Caption-style text data
▬▬▬▬▬▬▬▬▬▬

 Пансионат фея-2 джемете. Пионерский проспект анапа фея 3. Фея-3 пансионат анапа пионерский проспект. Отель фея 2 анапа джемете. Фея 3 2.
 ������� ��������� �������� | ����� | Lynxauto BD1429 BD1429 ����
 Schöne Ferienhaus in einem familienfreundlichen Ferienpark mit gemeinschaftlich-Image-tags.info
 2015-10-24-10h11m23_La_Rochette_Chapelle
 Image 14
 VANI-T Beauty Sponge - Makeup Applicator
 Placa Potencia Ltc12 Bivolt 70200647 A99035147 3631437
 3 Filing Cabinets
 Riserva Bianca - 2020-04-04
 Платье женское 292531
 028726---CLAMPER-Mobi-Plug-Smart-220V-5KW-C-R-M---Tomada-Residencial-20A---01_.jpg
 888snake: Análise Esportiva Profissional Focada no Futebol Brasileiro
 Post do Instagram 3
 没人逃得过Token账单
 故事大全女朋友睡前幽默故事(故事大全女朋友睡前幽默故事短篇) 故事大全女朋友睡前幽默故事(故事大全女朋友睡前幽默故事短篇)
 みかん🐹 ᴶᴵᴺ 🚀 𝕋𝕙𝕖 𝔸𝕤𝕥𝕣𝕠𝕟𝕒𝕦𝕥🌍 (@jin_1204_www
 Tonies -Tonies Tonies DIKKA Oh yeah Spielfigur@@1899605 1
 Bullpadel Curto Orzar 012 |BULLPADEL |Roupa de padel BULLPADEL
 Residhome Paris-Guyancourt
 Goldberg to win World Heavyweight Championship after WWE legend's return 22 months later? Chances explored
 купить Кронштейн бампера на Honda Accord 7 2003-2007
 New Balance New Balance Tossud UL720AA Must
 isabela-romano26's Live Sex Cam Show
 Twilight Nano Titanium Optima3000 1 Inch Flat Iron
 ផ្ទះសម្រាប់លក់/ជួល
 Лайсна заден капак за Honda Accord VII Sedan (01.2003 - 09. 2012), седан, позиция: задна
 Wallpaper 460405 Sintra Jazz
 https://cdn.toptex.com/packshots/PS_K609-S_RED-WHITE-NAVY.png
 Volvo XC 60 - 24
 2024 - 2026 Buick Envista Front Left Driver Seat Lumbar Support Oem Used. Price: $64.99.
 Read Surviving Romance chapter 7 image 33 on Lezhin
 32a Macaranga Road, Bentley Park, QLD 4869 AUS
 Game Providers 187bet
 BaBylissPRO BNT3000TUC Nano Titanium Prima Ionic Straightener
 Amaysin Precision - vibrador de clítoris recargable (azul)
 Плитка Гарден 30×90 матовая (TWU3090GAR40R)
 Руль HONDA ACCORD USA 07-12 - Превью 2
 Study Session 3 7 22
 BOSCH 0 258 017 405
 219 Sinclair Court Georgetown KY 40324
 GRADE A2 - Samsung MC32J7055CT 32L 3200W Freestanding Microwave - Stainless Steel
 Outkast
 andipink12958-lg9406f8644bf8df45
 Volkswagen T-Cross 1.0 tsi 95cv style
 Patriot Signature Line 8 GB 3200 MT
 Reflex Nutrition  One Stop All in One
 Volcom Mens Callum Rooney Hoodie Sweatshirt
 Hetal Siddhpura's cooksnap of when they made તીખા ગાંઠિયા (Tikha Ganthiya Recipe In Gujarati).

▬▬▬▬▬▬▬▬▬▬

DIRECTIONS
Each line above with the word "Titanium" must be returned.

ANSWER AREA
 Twilight Nano Titanium Optima3000 1 Inch Flat Iron
 BaBylissPRO BNT3000TUC Nano Titanium Prima Ionic Straightener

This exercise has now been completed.